'' Wina była znajomym strojem, który od początku wisiał w jej szafie i który wkładała każdego ranka.Bez niego czuła się naga. ''
Książki Majgull Axelsson, wyzwalają we mnie tyle wrażeń i emocji, że trochę czasu musi minąć nim uda mi się pozbierać je do kupy i jako tako uporządkować. Tym razem autorka pozwoliła mi wniknąć do głowy Mary ? Marie ? jednej z nich ? jeśli tak, to której ? a może obydwu ? W tej książce nic nie wiadomo jest na pewno. Przez co zapewnia ona każdemu czytelnikowi jego własne osobiste doznania i odczucia. Własną interpretację i decyzję w które zdarzenia chce wierzyć, która, według niego z tych osobowości jest prawdziwa, a która jest wytworem tej drugiej .
Narracja prowadzona jest z perspektywy i jednej i drugiej naprzemiennie . Na początku trochę mnie to irytowało, że nie wiem która jest prawdziwa, typowałam jak w kryminałach mordercę. Jednak co chwila wydarzało się coś co powodowało że zmieniałam zdanie i niemal pewna byłam że to ta druga.
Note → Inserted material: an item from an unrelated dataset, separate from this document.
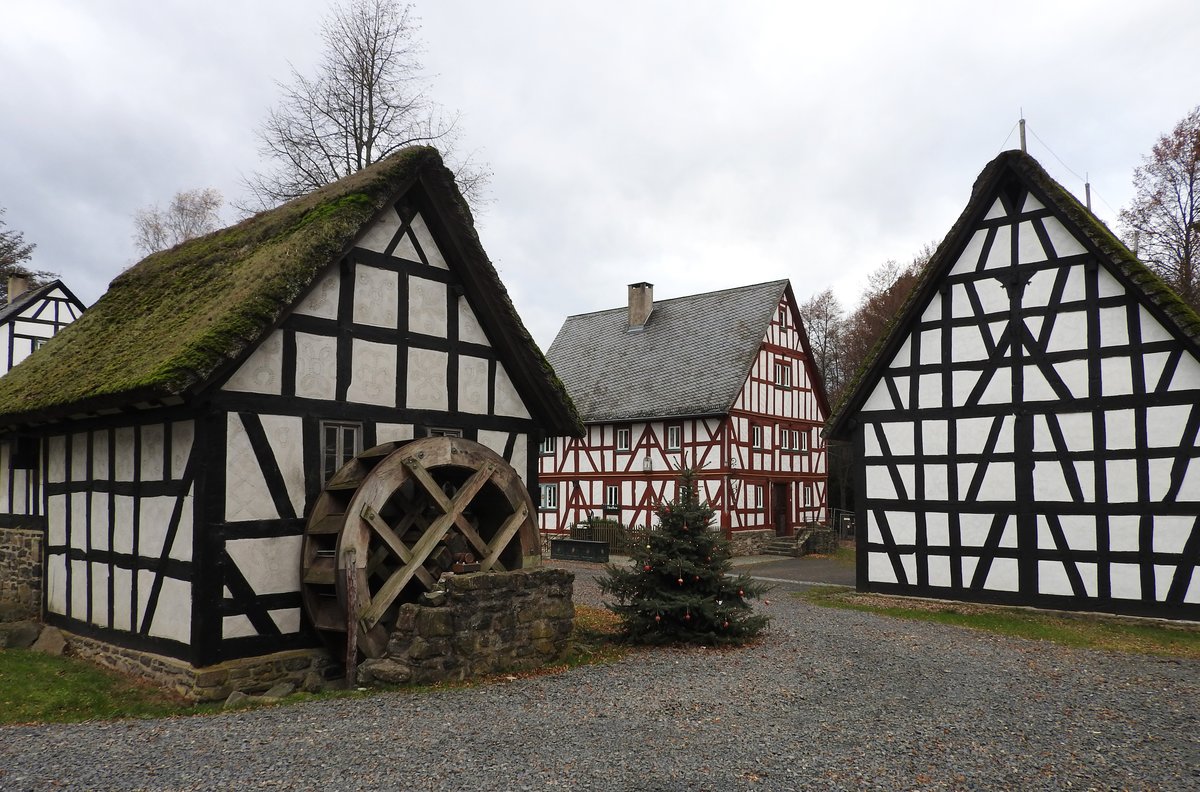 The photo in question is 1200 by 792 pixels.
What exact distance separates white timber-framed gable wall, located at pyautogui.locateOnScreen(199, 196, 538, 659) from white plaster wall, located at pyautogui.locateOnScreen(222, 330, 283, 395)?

W końcu, sama właściwie nie wiem w którym momencie, przestało mnie to stresować . Nagle spostrzegłam że właściwie to jest mi to zupełnie obojętne, czy prawdziwa jest Mary czy Marie . Że zdecydowanie bardziej zajmują mnie ich relacje z innymi ludźmi, ich wcale nie proste zależności i interakcje. A tych w tej historii jest ogromna ilość. Dzieciństwo MaryMarie, jakże trudne i naznaczone traumą matczynego cierpienia i jej pobytów w szpitalach psychiatrycznych. Co dla MaryMarie zyskiwało wymiar nie tylko psychicznych, powiedzmy, dolegliwości, ale i zmieniało to jej życie w zupełnie czysto fizycznym aspekcie. potem Klub Bilardowy Przyszłość, w końcu Sverker i kariera polityczna Marie .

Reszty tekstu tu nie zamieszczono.